Vaad Ha’ir of Montreal Protests Opening of YM-YWHA On Shabbos


ym-ywha-montrealFor decades, an unspoken agreement existed between Montreal’s shomer Torah tzibbur and the secular Jewish community. The emphasis on tradition is strong, even amongst the irreligious community, and thus, a deep respect was always shown for the basic tenets of our faith, such as Shabbos and kashrus, in the secular Jewish institutions.    

The hospital, the YM-YWHA, and all the various Federation-funded facilities in Montreal all insisted that their various eating establishments remain under the hechsher of the MK, under the auspices of the Va’ad Ha’ir of Montreal, and all on-site retail outlets were closed on Shabbos.

Now, the local Y has broken with tradition and announced that they intend to open on Shabbos. This is not only a blow to the many shomrei Torah Yidden who frequent the Y, it’s painful to all Montrealers who appreciated the sensitivity of the wider Jewish community.

The first to speak out against the move was a Y board member, Leon Elfassy, who, in an interview on the Sephardic Radio Shalom, referred to the decision as a painful mistake. Rabbi Reuben Poupko called Mr. Elfassy a hero for his comments. Other secular Jewish leaders, however, defended the move, calling it a necessity. has obtained an internal memo, circulated among members of the city’s Va’ad Ha’ir, which delineates their stance and which will be distributed to the wider community.

The letter states:

The Torah refers to Shabbos as an ‘ois,’ a sign. The great Chofetz Chaim explains the use of this term with the example of a retail establishment. The sign on the outside of the store represents its essence, goal, and purpose. One has only to look at the sign to understand the type of store it is.

            Similarly, there are many varieties of Jew, each with his own unique strengths and gifts. The truest barometer to know exactly how loyal and serious a Jew is about his responsibilities is to look at the sign, the ‘ois,’ Shabbos. If he is a shomer Shabbos, says the Chofetz Chaim, then he is issuing a resounding proclamation about his level of commitment. We are shomer Shabbos Jews.

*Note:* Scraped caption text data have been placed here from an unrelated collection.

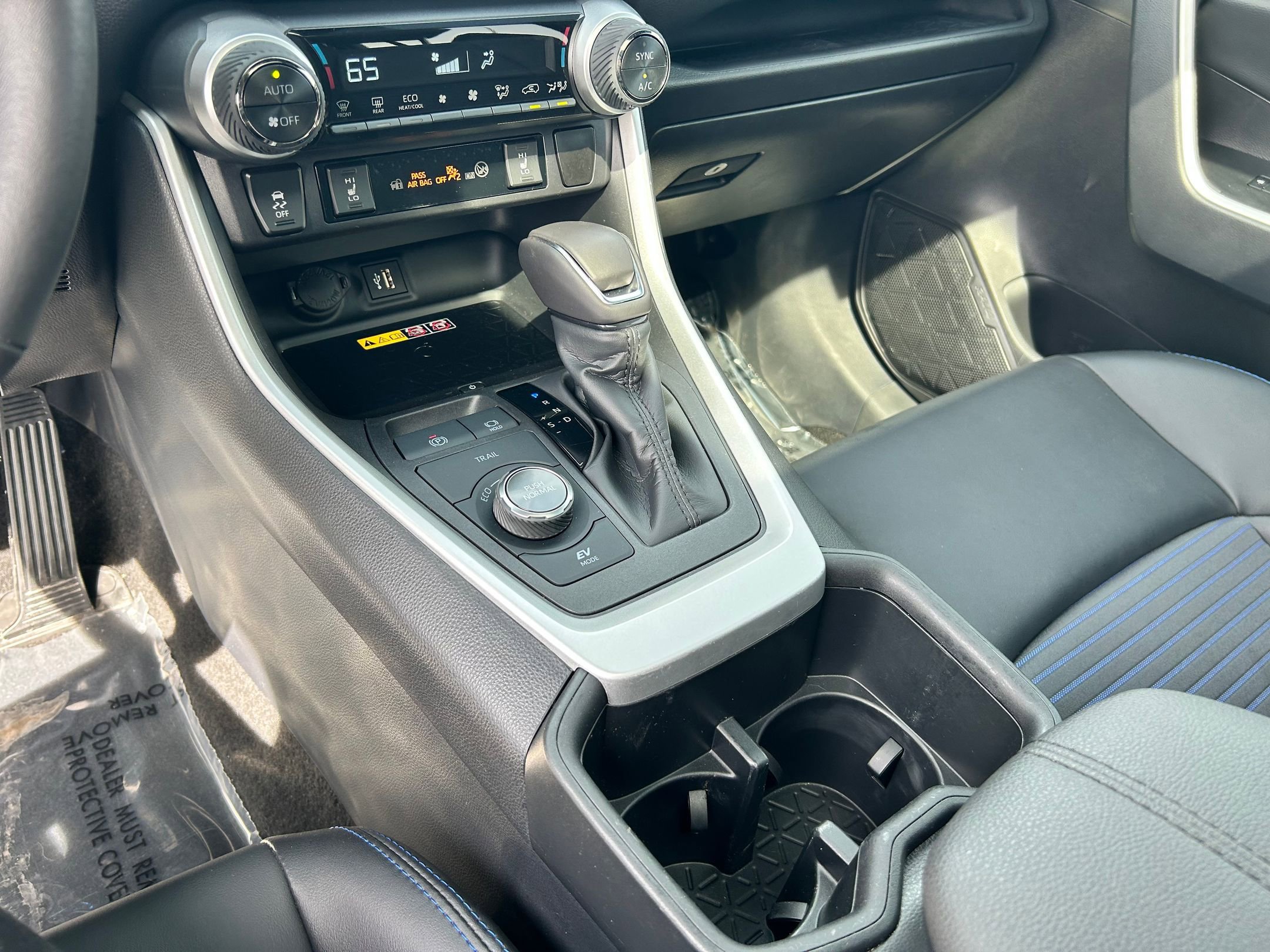 Used 2025 Toyota RAV4 XSE w/ Advanced Technology Package image 18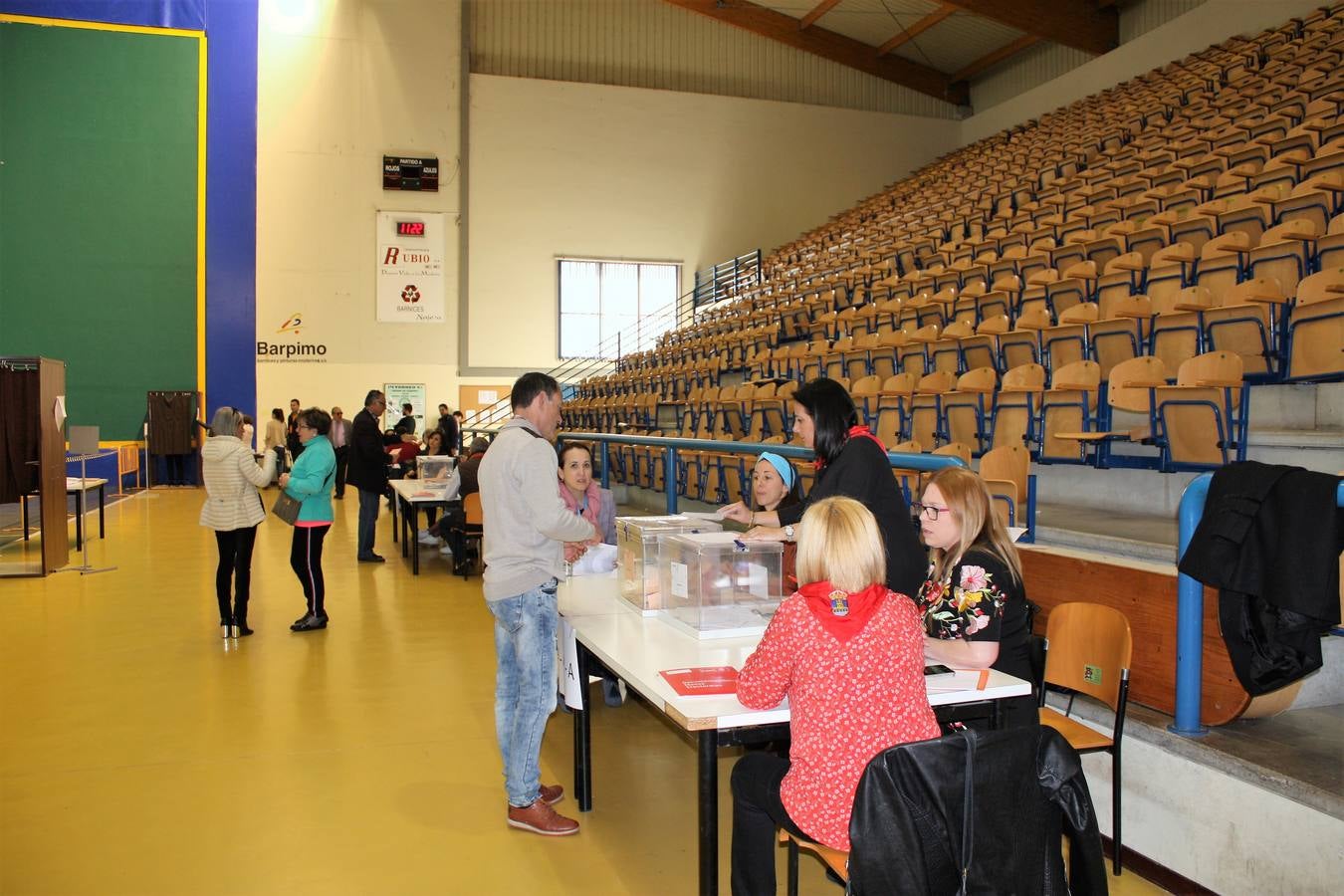 La jornada electoral discurre con normalidad en La Rioja. El ambiente soleado invita a votar a los riojanos. Candidatos y votantes anónimos han coincidido en los diversos colegios electorales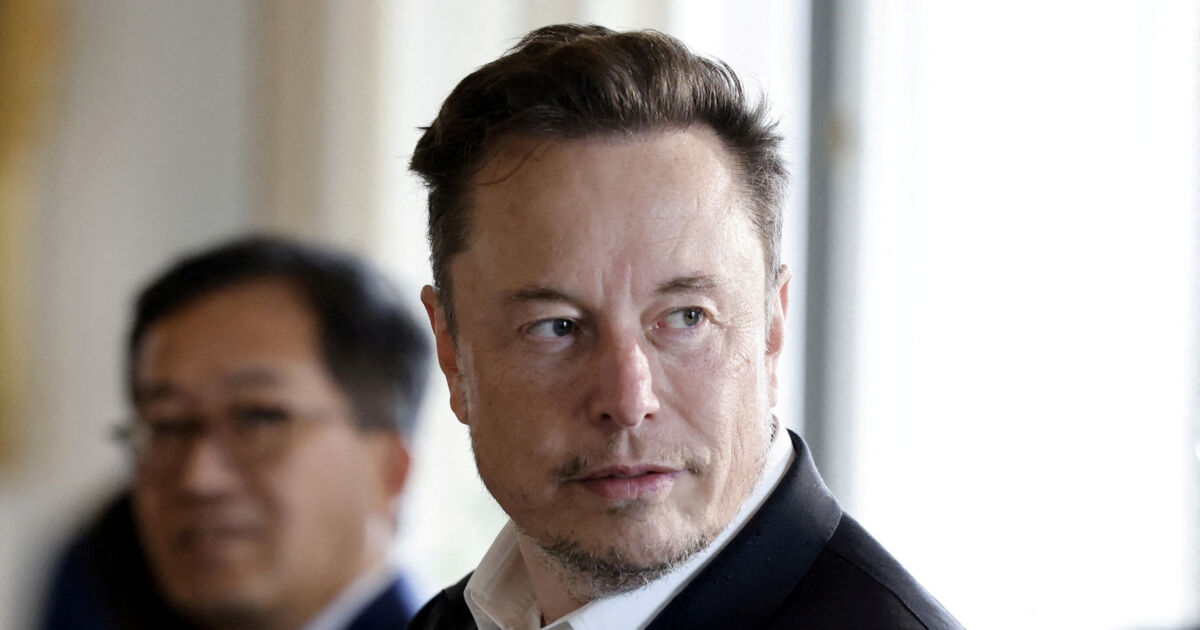 🚨 The European Union has issued a warning to Twitter after Elon Musk pulled the social media platform out of the bloc's "Code of Practice." under which companies have to target disinformation under the Digital Services Act (DSA), buff.ly/3owbiBA. 
#EU #Twitter #ElonMusk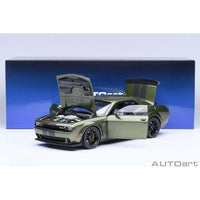 71761 1/18 ダッジ チャレンジャー SRT ジェイルブレイク 2022 (メタリック・グリーン/カーボンブラック・ストライプ <F8 GREEN>)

It’s a term that we tend to take for granted, that category of Jew that pledges his complete and total allegiance to adhering to and safeguarding the laws of the holy day.

Our mandate as shomrei Shabbos is not just to live with an awareness of the halachos of Shabbos; it is to feel a sense of responsibility to be ‘shomer,’ to watch over the Shabbos, to protect and preserve its sanctity.

For decades, the Montreal Jewish community, an amalgam of all sorts of Jews, lived together in an atmosphere of harmony and mutual respect, despite the outward differences between us. Though there were some issues that divided the various segments in the community, there were more that united it. Shabbos was one of those unifying issues.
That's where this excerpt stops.